New-crop corn futures turned sharply lower in reaction to USDA's much-higher-than-expected acreage estimate. Meanwhile, July corn is pivoting around unchanged.
- New-crop corn futures plunged in reaction to USDA's surprising upward revision to its March acreage intentions data.
- USDA pegs planted corn acreage at 97.379 million acres, up from 97.282 million in March and well above expectations for a reduction to around 95.34 million acres.
- The lengthy spring planting season has resulted in an increase in producers claiming prevent plant, which puts more uncertainty as to how many acres actually have been planted and will be harvested.
- Meanwhile, USDA's Grain Stocks Report reflected a tighter-than-expected old-crop supply situation. It pegs June 1 corn stocks at 2.764 billion bu., below expectations of 2.856 billion and below 3.148 billion bu. last year at this time.
- Today is the start of the delivery process for July corn futures; as expected, no deliveries were posted.
- December corn futures violated support at the May low and are posting sharp losses, though the contract has moved off session lows
Soybean futures are mixed, with July up 12 cents and new-crop posting double-digit losses.
- Soybean futures initially turned sharply lower on spillover from corn, but the market has moved off early lows as traders digest the smaller-than-expected soybean acreage estimate.
- USDA pegs planted soybean acreage at 77.728 million, up just slightly from 77.126 projected in March. Traders had expected soybean acreage closer to 78.024 million acres.
- But traders recognize the acreage situation is still not fully known as producers are scrambling to wrap up planting efforts.
- Meanwhile, USDA's Grain Stocks Report reflected a tighter-than-expected old-crop supply situation.

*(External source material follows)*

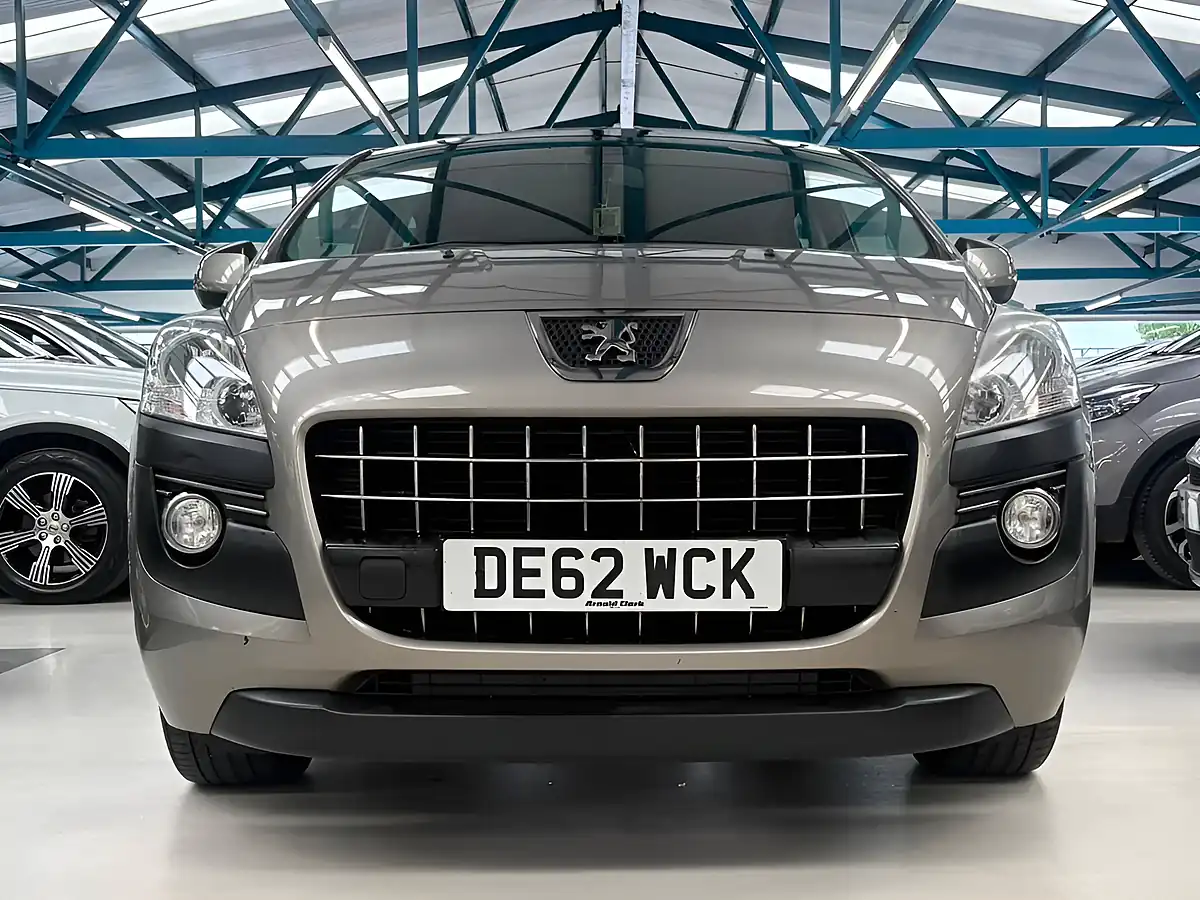 Used 2012 Peugeot 3008 Active Grey - Interior and Exterior details 6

It pegs June 1 soybean stocks at 435 million bu., below expectations of 441 million bu. and 667 million last year at this time.
- November soybean futures violated support to post a monthly low but have returned to near the middle of today's trading range. But the contract is still working on weekly losses.
- As expected, no deliveries were posted against July soybean futures.
Chicago and Kansas City wheat futures are posting losses of mostly 8 to 14 cents, with much lighter losses being posted in most Minneapolis contracts.
- Much of the pressure is coming on spillover from sharp losses in neighboring pits.
- But a higher-than-expected spring wheat acreage peg of 12.295 million acres is weighing on the market. However, the projection represents a drop from the March intentions peg of 12.701 million acres.
- Meanwhile, USDA's Grain Stocks Report sets 2012-13 wheat carryover at 718 million bu., which is well below expectations of 750 million bushels and 743 million bu. last season.
- Ongoing harvest-related hedge activity continues to weigh on the Chicago and Kansas City wheat markets. July Chicago wheat hit its lowest level since July 2010 today.
- Also, Japan is looking to replace U.S. western white wheat for the first time in over 50 years due to the limited discovery of GMO material in one field in Oregon. But trade sources say Japanese mills are used to handling U.S. wheat and don't want to switch.
- A forecast by a Ukrainian ag forecaster that the country's exports will hit 9.2 MMT in 2013-14, a 37% increase from the previous marketing year, is adding pressure.
Live cattle futures remain under pressure, with weakness in the corn market helping to lift feeder cattle futures.
- Live cattle futures remain under pressure as traders wait on cash cattle trade to begin.
- Negative outside markets are contributing to weakness. Strength in the dollar and weakness in the U.S. stock market are hampering buyers.
- Meanwhile, traders continue to wait on the cash cattle market for direction. Nearby contracts are at a $1-plus premium to last week's cash action, signaling a friendly bias toward this week's cash trade.
- June live cattle expire at noon CT today.
- Choice beef values firmed 14 cents this morning and Select softened by 36 cents, with just 78 loads of cuts and trim changing hands.
- Sharp weakness in the corn market is encouraging buying if feeder cattle futures. Live cattle futures have also improved technically this week.
Lean hog futures have extended losses, with most contracts posting sharp losses.
- Negative outside markets triggered early profit-taking pressure, with traders focused on evening positions ahead of this afternoon's Hogs & Pigs Report.
- The report is expected to reflect mild expansion, which is causing traders to lighten their long exposure to the market following recent gains. Traders look for All Hogs & Pigs to come in at 100.6%, Kept for Breeding at 99.9% and Kept for Marketing at 100.7% of year-ago.
- Also, there is concern about pork demand as we enter what is typically the hottest weeks of the summer. A $2.05 plunge in the pork cutout value yesterday (largely thanks to $15.11 drop in bellies) and light movement of 271.6 loads adds to such concerns.
- This morning, the pork cutout value slid another 67 cents on light movement of 129.1 loads.
- Cash hog bids are steady to lower as packers are buying for a holiday shortened week. Packers are still enjoying double-digit profit margins.
- July lean hog futures so far have remained within the boundaries of yesterday's wide trading range. Increased price volatility at high prices is often a clue that a market is working on a major top.